Daniel Olejarz, MASc thesis, Civil Engineering, 2020
Professor Matthew J. Roorda, Supervisor
Last mile parcel delivery is a particularly costly element of the freight supply chain. This challenge is exacerbated for courier companies by the rise of e-commerce and the business-to-consumer (B2C) model. B2C e-commerce shipments are growing faster than traditional business-to-business (B2B) shipments but are more costly for couriers. Autonomous ground vehicles (AGVs) are an emerging technology that has the potential to reduce the cost of last-mile delivery.
AGVs are small autonomous robots that can carry multiple parcels in secured compartments on streets, sidewalks, or in large indoor spaces. This thesis quantifies the cost of a last mile parcel delivery system supplemented with AGVs and compares it to the cost of the current manual system. Descriptions of the autonomous delivery vehicles receiving the most investment in industry are first provided. Next, a literature review which focuses on automated parcel delivery and split delivery vehicle routing problems (SDVRPs) is presented. The literature review identifies recent studies on automated delivery systems which show that automation can lead to significant cost savings and environmental benefits. The literature review also highlights the applicability of SDVRPs to routing AGVs but recognizes the inconveniences for the customer and the courier of splitting deliveries between vehicles. A novel synchronized split delivery vehicle routing problem (SSDVRP) is formulated. This model introduces additional constraints to SDVRP to ensure deliveries split between multiple vehicles arrive at their destinations concurrently.

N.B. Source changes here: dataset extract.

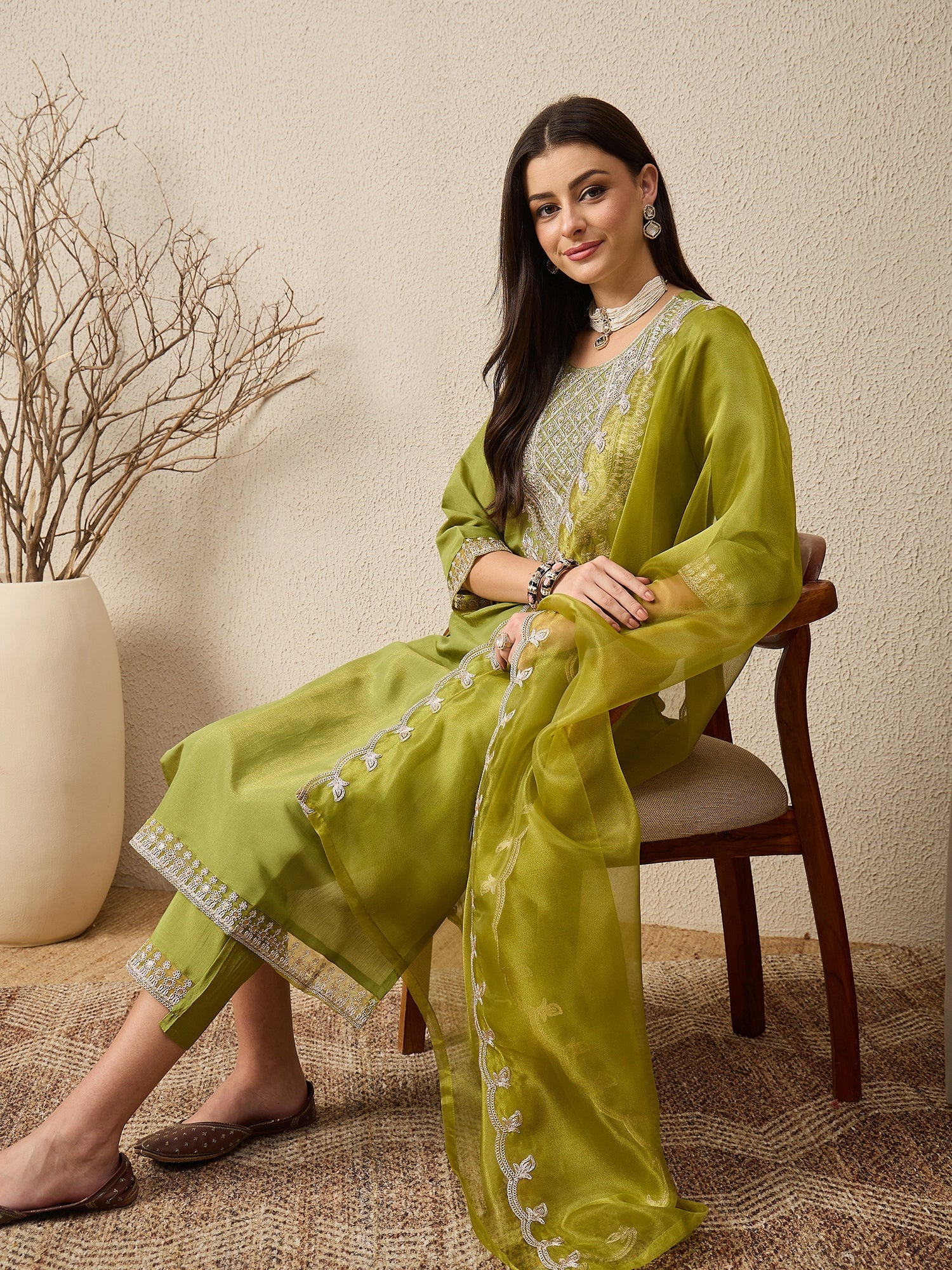 Saheli Pista Silk Blend Calf Length Embroidered Straight Suit Set - FitVibe Fashion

Four days of sample parcel data and details on cost for staff and AGVs are provided for analysis by a major courier company operating in Canada. Parcel demand data are described with summary statistics and visuals. A heuristic solution to SSDVRP is then applied to the sample data. Scenarios with different vehicle capacities are considered when analyzing cost implications of using AGVs. These results are compared with a baseline value for manual deliveries. The results show cost savings scale with the rate of customers that can be served by the AGV. Cost savings are observed for all capacity scenarios. Higher capacity vehicles increase cost savings, though the savings diminishes as capacity increases. These results are shown in Figure 1.
The results are contextualized for courier companies looking to implement automated delivery systems. Recommendations are made on how to best use human couriers and AGVs simultaneously in a way that creates synergy between the two delivery methods.